## Given data
+++
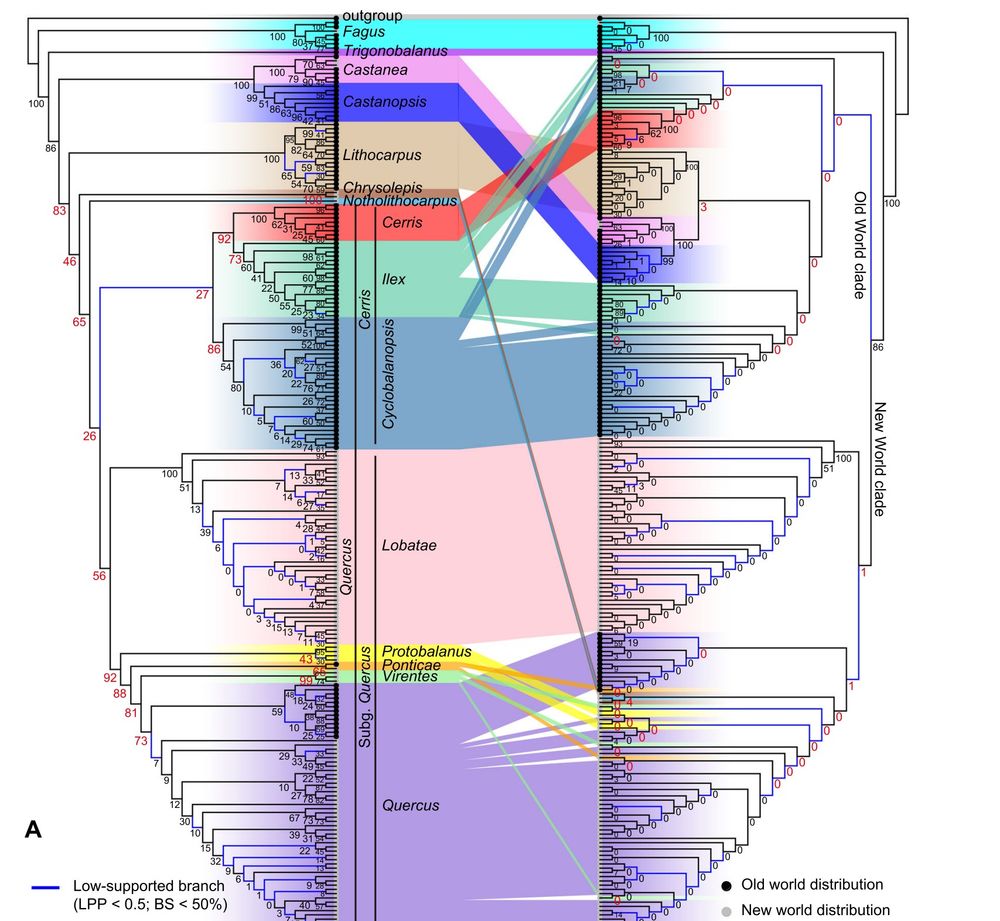 Figure 2. Discordance between nuclear and chloroplast phylogenies for oaks and relatives
(A) Cophylogeny showing incongruence between the nuclear ASTRAL (left; HYB‐98RT) and unpartitioned chloroplast maximum likelihood (ML) (right) trees.
Tip labels are shown in Figure S15. Clade frequencies of gene trees from the coalescent simulations are shown near the nodes; clade frequencies
associated with deep cytonuclear discordances are red and enlarged.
+++
## The problem
Could you give all of the data again exactly as written, omitting any pictures?

## Your solution
 Figure 2. Discordance between nuclear and chloroplast phylogenies for oaks and relatives
(A) Cophylogeny showing incongruence between the nuclear ASTRAL (left; HYB‐98RT) and unpartitioned chloroplast maximum likelihood (ML) (right) trees.
Tip labels are shown in Figure S15. Clade frequencies of gene trees from the coalescent simulations are shown near the nodes; clade frequencies
associated with deep cytonuclear discordances are red and enlarged.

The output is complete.